You are likely to hear about sleep, light sleep, deep sleep, drowsy, dark,
dim, sneezy, happy, grumpy and so on states.  OK, the last 3 aren't real but
you are going to hear about a lot of different states.  Definitions aren't
hard and fast -- you may hear slightly different wordings from others.

All of these should be viewed from the perspective of a block (rather than
low-level logic)

    - Sleep -- the clock is turned off

    - Deep Sleep -- and the voltage is reduced

    - Deeper Sleep -- further voltage reduction

    - Light Sleep -- primarily applied to power saving modes for
      memories, allowing very fast recovery

    - Dark -- the whole block is powered off

    - Dim -- most of the block is powered off but some state is retained
      (again for faster recovery)

    - Drowsy -- the block is run near or below threshold voltage

It's critical to consider the tradeoffs in recovery time vs. the additional
power that may be required for recovery when considering which states to
use.  You can save a lot of power by shutting off a block -- but you have to
get back to a useful state when you turn it back on -- essentially just like
you never turned it off.

That depends on the block's state and if you didn't use retention registers,
you might have to cycle through an initialization sequence to re-compute
some values -- and that can get to be slow.  And if you're not careful, you
may burn as much power doing all of that as you saved in shutting down.

That said, obviously the more games you can play with switching between
these states, the more power you can save.  

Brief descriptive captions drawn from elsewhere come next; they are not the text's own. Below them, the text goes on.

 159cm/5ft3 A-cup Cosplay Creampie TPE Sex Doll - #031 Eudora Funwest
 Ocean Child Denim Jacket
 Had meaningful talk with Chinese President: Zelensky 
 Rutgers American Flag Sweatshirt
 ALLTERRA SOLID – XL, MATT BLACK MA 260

        ----    ----    ----    ----    ----    ----    ----

DESCRIBING & VERIFYING POWER INTENT

All of these techniques (apart from Vt mix and clock-gating) need to be
described in a language so they can steer implementation in RTL synthesis
and P&R and so they can be included in verification.  And this all has to
be unified between verification and implementation, so you don't get a
nightmare of mismatches between stages.

To do its job, the power intent file needs to describe where you are going
to have power and voltage islands.  It needs to describe where you want
level-shifter and isolation logic, where you want retention registers, and
where you will apply biasing.  And you also need to define a "power state
table" (PST) -- in general you'll only allow a subset of possible
permutations of each power control.  The PST table defines those power
states and the state of each control in each such state.  Oddly (at least
odd to me) it does not define the state machine, only the states.  How you
transition between states (and how you verify it) is left up to you.

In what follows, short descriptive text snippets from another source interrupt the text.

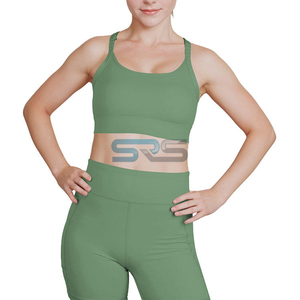 Nuevo Sujetador Deportivo Profesional Personalizado para Mujer, Transpirable, con Logotipo Frontal a Cuadros, de Alta Calidad, para Yoga, Running y Fitness, Todas las Tallas - Product Image 1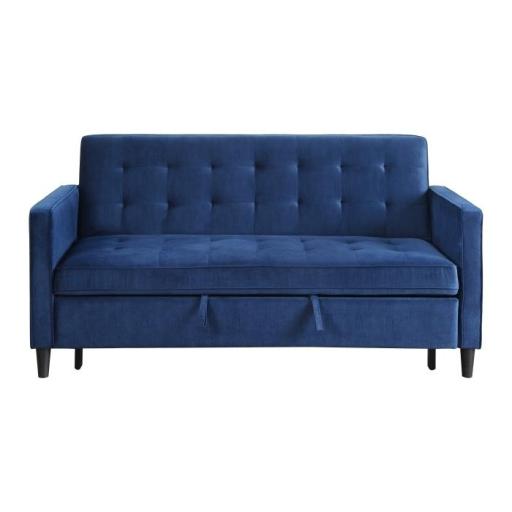 Convertible Sofa W/ Pull Out Bed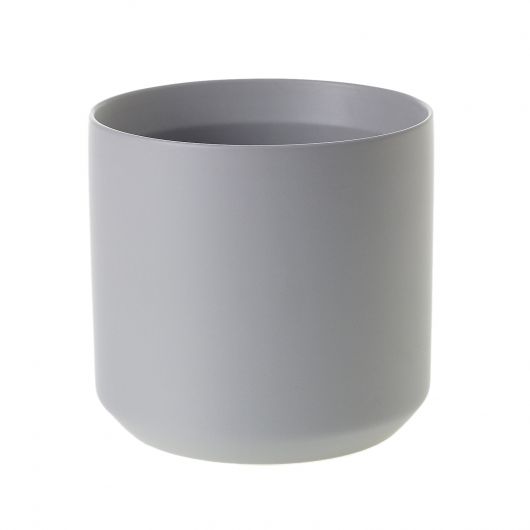 Kendall Pot 7", Gray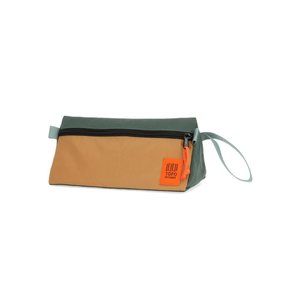 Topo Designs Dopp Kit in Khaki/Turquoise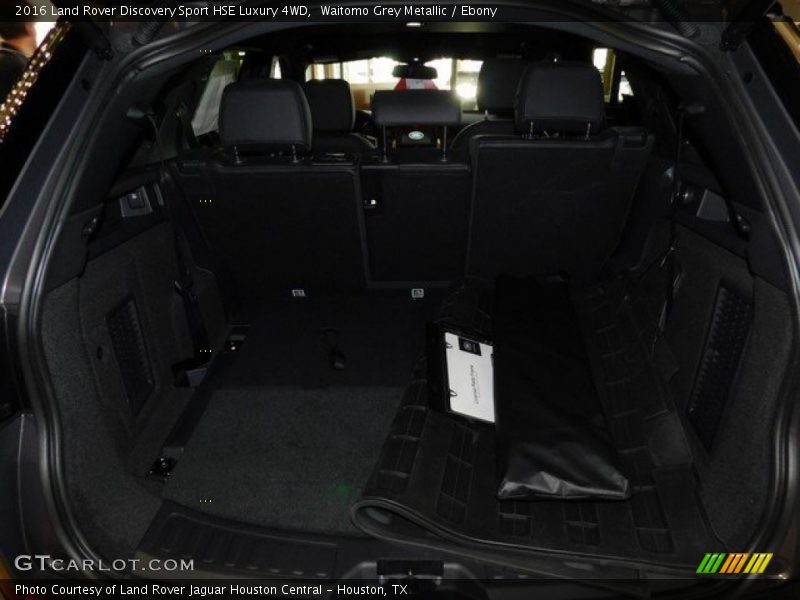 Waitomo Grey Metallic / Ebony 2016 Land Rover Discovery Sport HSE Luxury 4WD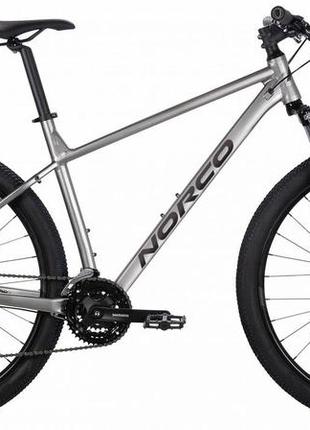 Велосипед norco storm 5 m29 silver/black, m (160-175 см)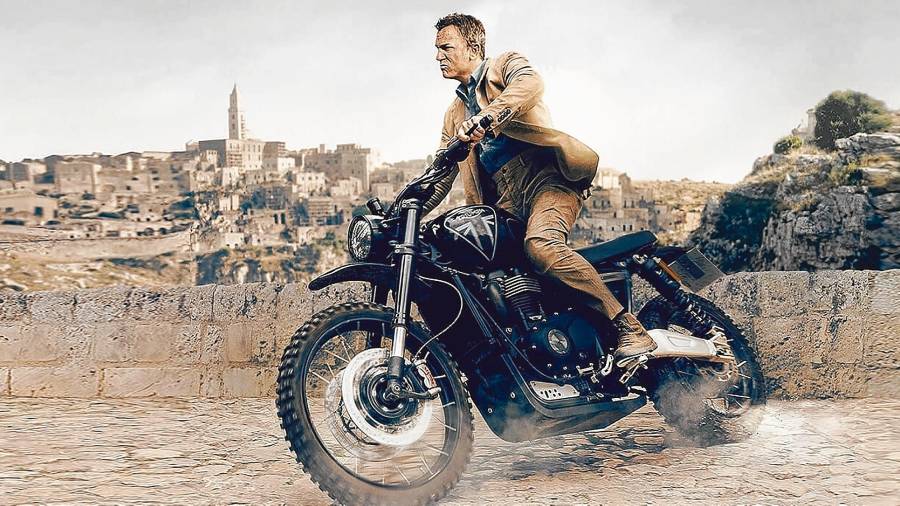 Daniel Craig en la nueva entrega de James Bond, ‘No time to die’. Foto: DT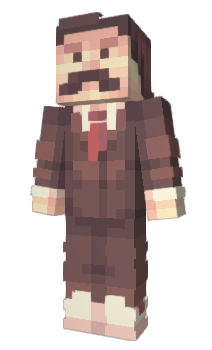 Minecraft скин по нику Vruui
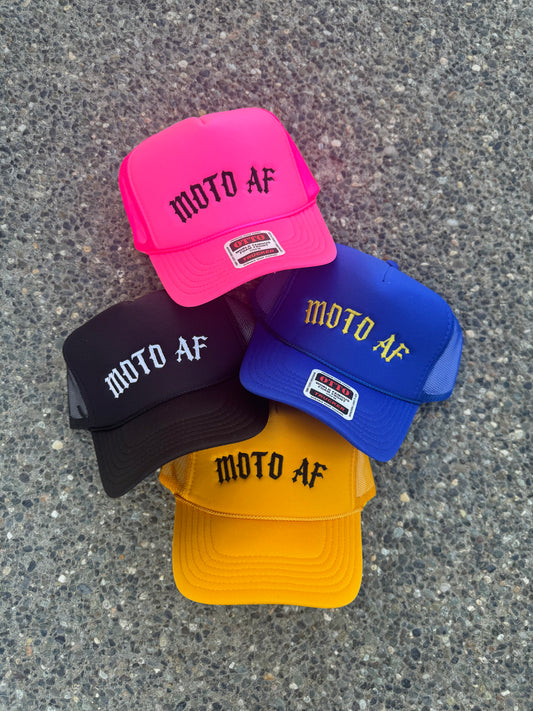 Moto AF Mesh Trucker Hat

    Fig 7: A sample UPF file describing just a small subset
           of what you will need to define

This being EDA, we couldn't just have one commonly agreed upon solution for
power intent -- we had to have 2 rival standards -- SNPS UPF and CDNS CPF.
UPF worked better with RTL synthesis and CPF worked better with P&R; meaning
you often needed to have both.  Creating just one UPF/CPF file is hard work
and there is no way to translate between them.  It looks like UPF now has
the most user traction and UPF is including features that CPF covered
that UPF did not -- so there is some hope in the near future we will only
have to deal with one standard.  Nice try Cadence, but looks like you have
the Betamax of power standards.  Time to move on.

There was another problem that now seems to be mostly resolved.  The synth
and P&R tools change your design -- adding level shifters, power switches,
isolation logic, and retention logic -- so you are putting a lot of faith in
them to be bug-free.  For a while, many customers would use the CPF/UPF
formats to describe power intent, but their engineers would do all the logic
insertion themselves for exactly this reason.  I don't see as much of that
now, which suggests that bugs are less common and there are more checks and
balances between insertion and verification.

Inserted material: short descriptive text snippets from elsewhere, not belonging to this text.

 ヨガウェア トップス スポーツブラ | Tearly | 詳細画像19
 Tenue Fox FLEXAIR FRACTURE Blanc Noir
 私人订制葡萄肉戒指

Still, creating power intent for a sizeable design is non-trivial.  You're
talking thousands of lines of Tcl -- every bit as complicated as SDC and a
lot less familiar to most designers.  There are a number of ways to get
through that.  One is power-intent static checking (i.e. linting).  Atrenta
SpyGlass Power does that for both UPF and CPF standards.  Synopsys and
Cadence also have solutions.

Then there's dynamic checking.  This ties power intent into simulation;
those tool you can get from SNPS/CDNS/MENT simulation vendors.

    Fig 8: An example visualization of power intent.  Power and
           voltage islands are highlighted graphically based on
           the design RTL and UPF.  Visualizations like this
           provide an important way to check intent which may
           not be as apparent in thousands of lines of UPF.

A third method is not checking, but rather better visualization of intent.
Atrenta SpyGlass Power does this.  Synopsys provides somewhat similar
viewing with its Verdi Signoff as does Cadence with its Incisive SimVision.
But remember the "checks and balances" rule of thumb -- it's best to use
implementation and verification tools from different vendors.

Static checks, power-aware simulation and visualization are a starting point
in verification, but everyone agrees that these alone are not enough.  Every
switchable power domain needs to be sequenced through switching between
states (that part the PST doesn't define).  If you think about switching on
and off, you don't want to switch off while something is trying to access
the block, and you don't want anyone accessing the block while it's off.

You want to isolate outputs and you want to make sure retention registers
are loaded before you start powering down.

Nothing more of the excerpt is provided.